I am still thinking about the George Soros quote from a recent posting. The billionaire financier and philanthropist was quoted in Niall Ferguson's The Ascent of Money saying that "Every bubble consists of a trend and a misconception that interact in a reflexive manner."

What he meant was that trends become what we think the underlying idea is - and that can be very different from the original. That's important because it neatly explains the drift from idea to misconception as well as the way the two feed off one another in a random walk to an outcome.

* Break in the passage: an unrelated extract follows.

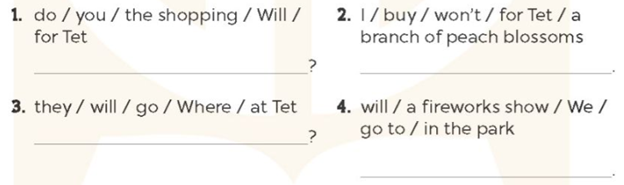 Unit 12. Our Tet holiday - SBT Tiếng Anh 5 - Global Success 9 1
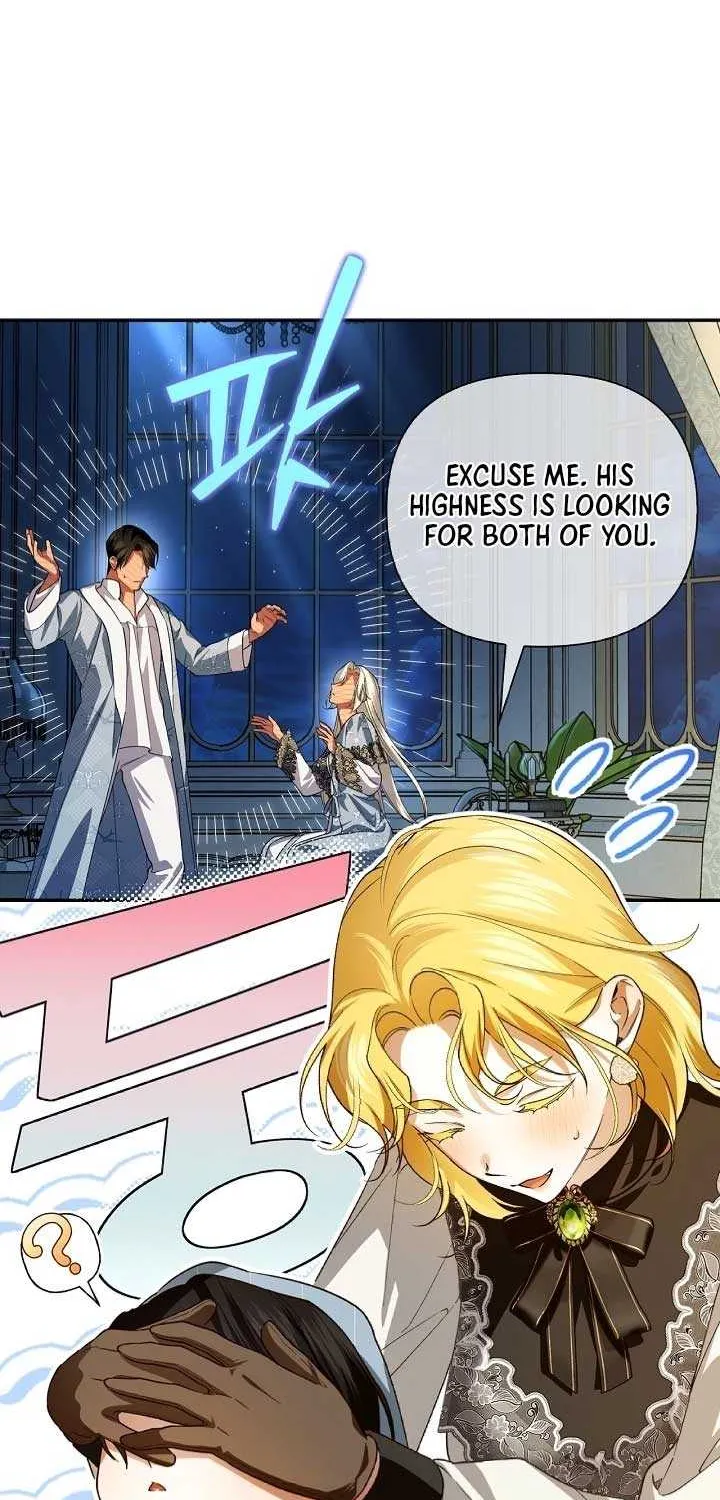 How to Hide the Emperor’s Child Chapter 144 page 46 -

Think about that for a moment: Every bubble - and here let me take some license and say that bubble and paradigm can be used interchangeably - contains the seeds for its own obsolescence. So for example, the sub-prime mortgage mess started as a trend to make mortgages affordable to more people. It gained steam as unethical mortgage brokers, looking for a quick buck, began selling so-called NINJA loans (no income, no job or assets) to people who could not afford them. The misconception was the belief that the teaser interest rates were permanent. When these adjustable rate loans reset, the trend's misconception was revealed and the bubble burst as tens of thousands of people defaulted.

Trend and misconception going hand in hand got me thinking about things closer to home. Haven't we seen trends and misconceptions in CRM? I can think of a few. It seems that whenever we invent a new paradigm in computing, we pursue it well beyond its utility and over a cliff.